Sharing findings on 'Dilemmas of international aid'
DLP Research Fellow Niheer Dasandi was among the speakers at a UCL Global Governance Institute event, Power, Development and Messy Politics: Dilemmas of International Aid, held in London on 18 January.
Niheer’s contribution to the discussion focused on a DLP paper co-authored with Lior Erez (University of Cambridge), The Donor's Dilemma: Thinking Politically About Difficult Choices. The paper is currently being considered for the 2016 Brian Barry Prize in Political Science, awarded annually by the British Academy for the Humanities and Social Sciences.
The GGI event considered criticism that aid can do more harm than good if it helps maintain regimes known to be committing human rights abuses. Given the messy politics and extreme situations that donors and development NGOs often face in developing countries, how should they respond to the dilemmas that aid delivery presents? What rules should guide their actions, and how could these rules be justified?

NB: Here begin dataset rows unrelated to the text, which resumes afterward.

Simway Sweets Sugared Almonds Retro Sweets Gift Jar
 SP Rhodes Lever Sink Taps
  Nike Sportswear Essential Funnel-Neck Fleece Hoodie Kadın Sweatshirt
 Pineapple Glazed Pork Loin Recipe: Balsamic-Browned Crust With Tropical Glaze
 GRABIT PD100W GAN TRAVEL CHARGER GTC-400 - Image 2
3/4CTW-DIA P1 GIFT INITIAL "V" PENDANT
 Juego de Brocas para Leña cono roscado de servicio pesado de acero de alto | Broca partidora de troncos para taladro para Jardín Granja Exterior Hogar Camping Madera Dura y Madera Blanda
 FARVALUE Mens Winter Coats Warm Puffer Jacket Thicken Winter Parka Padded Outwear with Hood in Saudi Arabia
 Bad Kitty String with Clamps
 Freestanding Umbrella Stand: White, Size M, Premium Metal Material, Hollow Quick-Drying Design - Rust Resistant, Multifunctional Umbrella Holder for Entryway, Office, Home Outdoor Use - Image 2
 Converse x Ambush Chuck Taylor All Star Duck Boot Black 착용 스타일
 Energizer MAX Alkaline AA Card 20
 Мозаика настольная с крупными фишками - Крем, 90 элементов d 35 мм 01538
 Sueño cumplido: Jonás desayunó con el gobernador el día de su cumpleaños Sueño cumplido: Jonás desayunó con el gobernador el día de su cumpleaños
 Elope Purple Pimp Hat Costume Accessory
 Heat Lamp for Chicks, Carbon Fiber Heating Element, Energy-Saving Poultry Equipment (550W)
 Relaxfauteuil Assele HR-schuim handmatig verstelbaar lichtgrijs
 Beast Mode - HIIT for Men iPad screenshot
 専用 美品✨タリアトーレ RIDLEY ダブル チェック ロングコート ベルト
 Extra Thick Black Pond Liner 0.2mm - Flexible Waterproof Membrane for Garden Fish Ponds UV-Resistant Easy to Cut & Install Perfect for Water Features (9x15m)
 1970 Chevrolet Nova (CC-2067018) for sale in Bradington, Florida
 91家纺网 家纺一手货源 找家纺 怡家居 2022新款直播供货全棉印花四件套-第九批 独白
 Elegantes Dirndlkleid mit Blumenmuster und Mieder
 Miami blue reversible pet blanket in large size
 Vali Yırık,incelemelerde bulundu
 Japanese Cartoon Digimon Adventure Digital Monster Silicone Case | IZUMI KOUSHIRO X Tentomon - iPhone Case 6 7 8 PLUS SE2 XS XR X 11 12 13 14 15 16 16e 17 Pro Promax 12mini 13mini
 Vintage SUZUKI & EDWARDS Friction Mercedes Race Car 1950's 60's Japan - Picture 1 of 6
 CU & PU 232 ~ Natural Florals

Lior presented the framework that The Donor’s Dilemma paper offers to practitioners and policymakers to help them decide whether or not they should work with partners who are not committed to democratic governance. Niheer focused on why it is important to openly acknowledge and then try to address such dilemmas when giving aid to non-democratic states. He argued that this was a key issue for everyone seeking to think and work politically in development.
While it seems desirable to give aid to any type of government that is committed to achieving development, helping a non-democractic regime can also be seen as condoning or even supporting rights violations.
The Donor’s Dilemma paper suggests that there are three analytically distinct types of ‘donor’s dilemma’: complicity, double effect and dirty hands. Each type can be identified and dealt with differently, and it is possible to apply a ‘thinking and working politically’ approach to such dilemmas that is not normatively silent. On the contrary, analysing and understanding political contexts and constraints is indispensable for normative evaluations of the dilemmas generated by development aid.
Also speaking at the event was Jennifer Rubenstein, Associate Professor in Political Theory in the Department of Politics, University of Virginia, and author of the recently published Between Samaritans and States: The Political Ethics of Humanitarian INGOs. She discussed the dilemmas of rule-making in humanitarian and development aid, focusing on the Core Humanitarian Standard (CHS) and other rules for the aid sector.
She said that in trying to understand and evaluate these rules, they ought to be considered from a perspective suggested by the political-theoretical literature on emergency powers which examines how rules both empower political actors to deal effectively with emergencies, and constrain them from abusing that power. Rubenstein argued that aid organisations are, in fact, political actors that exercise political power and they therefore need rather more than useful checklists or aspirational goals to direct what they do. They need adequate power to act and clearly defined boundaries to act within.